ACTION ITEM:
Return the data below exactly, but only from the line containing "Monoambiente en La Boca. in Boca" through the line containing "2013 Mitsubishi MIRAGE", with both of those lines included.

DATA FOR REVIEW:
►

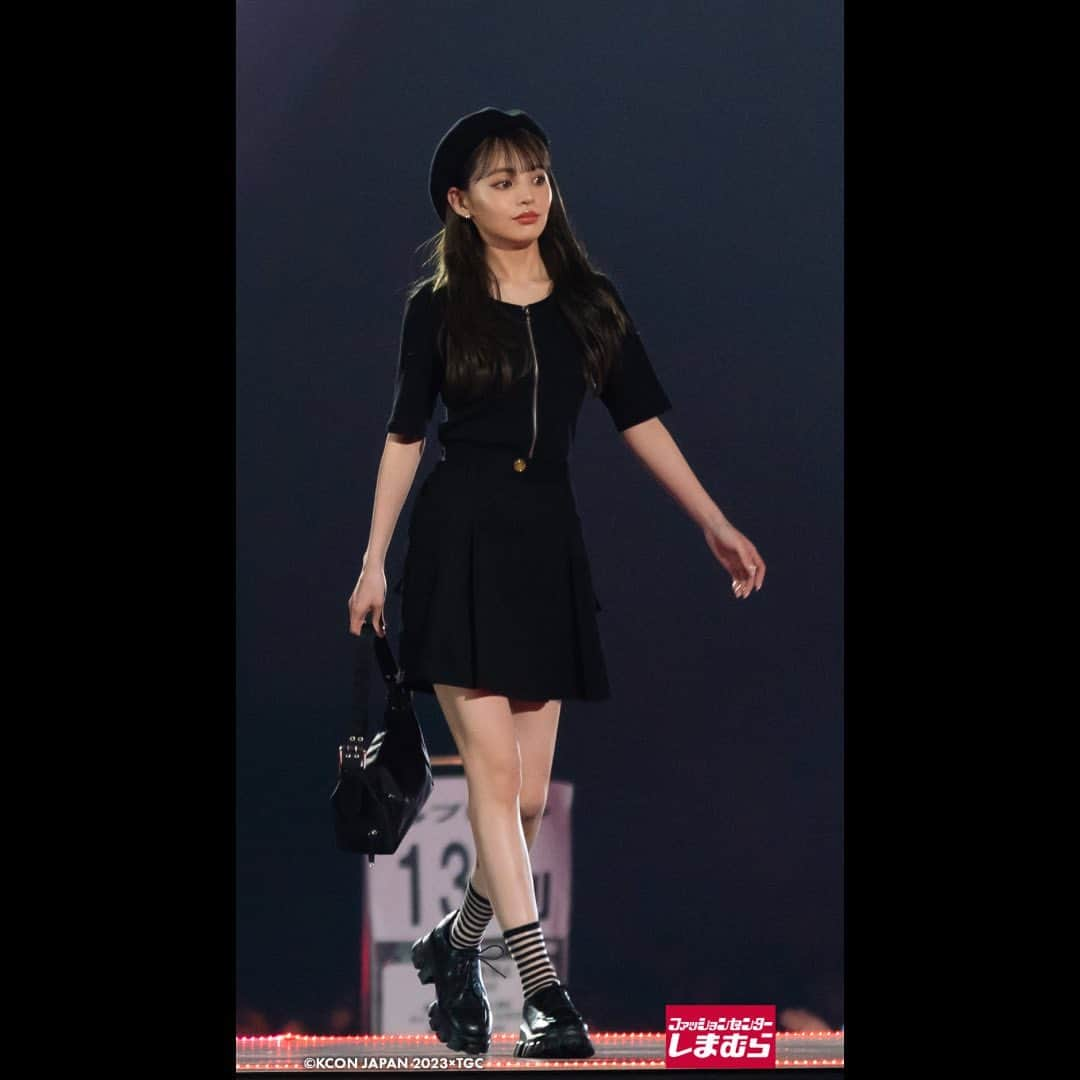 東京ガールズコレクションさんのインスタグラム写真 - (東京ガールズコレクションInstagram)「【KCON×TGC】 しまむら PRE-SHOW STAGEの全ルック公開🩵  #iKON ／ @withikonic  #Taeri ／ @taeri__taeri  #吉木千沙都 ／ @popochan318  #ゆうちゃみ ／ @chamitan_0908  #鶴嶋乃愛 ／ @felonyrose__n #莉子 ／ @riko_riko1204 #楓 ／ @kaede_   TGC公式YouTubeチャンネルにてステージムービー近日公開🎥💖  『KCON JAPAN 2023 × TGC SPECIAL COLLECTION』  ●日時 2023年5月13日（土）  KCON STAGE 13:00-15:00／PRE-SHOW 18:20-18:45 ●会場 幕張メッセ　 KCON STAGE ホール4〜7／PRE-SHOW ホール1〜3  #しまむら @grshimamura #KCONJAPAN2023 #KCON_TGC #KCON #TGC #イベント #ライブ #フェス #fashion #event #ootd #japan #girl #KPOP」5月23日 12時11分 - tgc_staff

◄
►

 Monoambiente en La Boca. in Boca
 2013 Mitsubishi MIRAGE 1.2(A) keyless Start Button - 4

◄

EXPECTED ANSWER:
 Monoambiente en La Boca. in Boca
 2013 Mitsubishi MIRAGE 1.2(A) keyless Start Button - 4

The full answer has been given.